Barry Scheck, co-director of the New York-based Innocence Project,
called the commission's action a "very big development."
"The question is in how many cases has there been wrong scientific
testimony given and how much of a difference did that make in those
cases," he said.
Jerry Hagins, a spokesman for the Texas Department of Insurance, which
the fire marshal's office is a part of, said the agency had not been
immediately informed of the commission's decision.
"We are willing to help and cooperate in any way we can," he said.
At Willingham's trial, a fire marshal testified the accelerant,
possibly lighter fluid, was placed in a way to impede any rescue
efforts.
At his trial, neighbors said Willingham, the lone survivor of the
blaze, was outdoors even before flames engulfed the house and was
worried about his car catching fire. Prosecutors contended he just
wanted to get rid of his children: 2-year-old Amber and 1-year-old
twins Karmon and Kameron.
Willingham did not testify in his own defense but long contended — even
in the moments before his execution — that he was innocent.
Willingham suggested a lantern lamp dumped fluid when a shelf collapsed
inside the house and caught fire, or his oldest daughter accidentally
set off the blaze or someone else showed up to kill him and his kids.

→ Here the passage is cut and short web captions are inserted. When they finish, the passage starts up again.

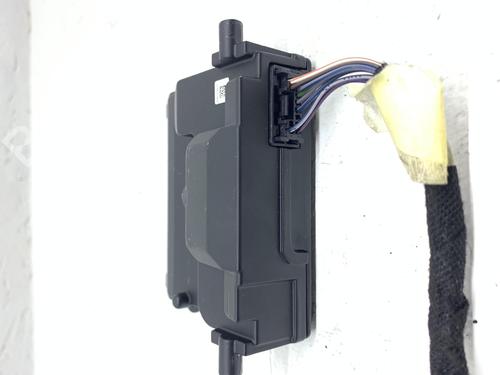 Elektronisk modul FORD FIESTA VII (HJ, HF) 1.0 EcoBoost | BP28926923M83 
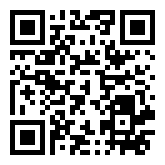 https://yunzhikong.cn/new/147351.html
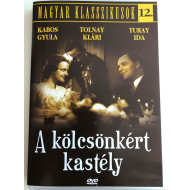 A KÖLCSÖNKÉRT KASTÉLY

In addition to investigating Willingham's case, the commission also
agreed to look into the case of Ernest Ray Willis, who was convicted in
1987 for a West Texas house fire that killed two women. He spent 17
years on death row before being freed after a federal judge ruled
authorities concealed evidence and needlessly drugged him during his
trial.
The Innocence Project's 2006 report, by five nationally known fire
investigators, also concluded the fatal fire that Willis had been
convicted of starting was not arson.
The group's experts said the indicators investigators used to conclude
that both fires were arson have since been proven to be scientifically
invalid.
"All the assumptions they were making were without any scientific
merit," Scheck said.
Bassett, an Austin attorney, said the commission's probe will be
complicated.
He said the panel would look at whether investigators' testimony was
consistent with the science at the time, and whether new science later
on should have caused them to question their original testimony.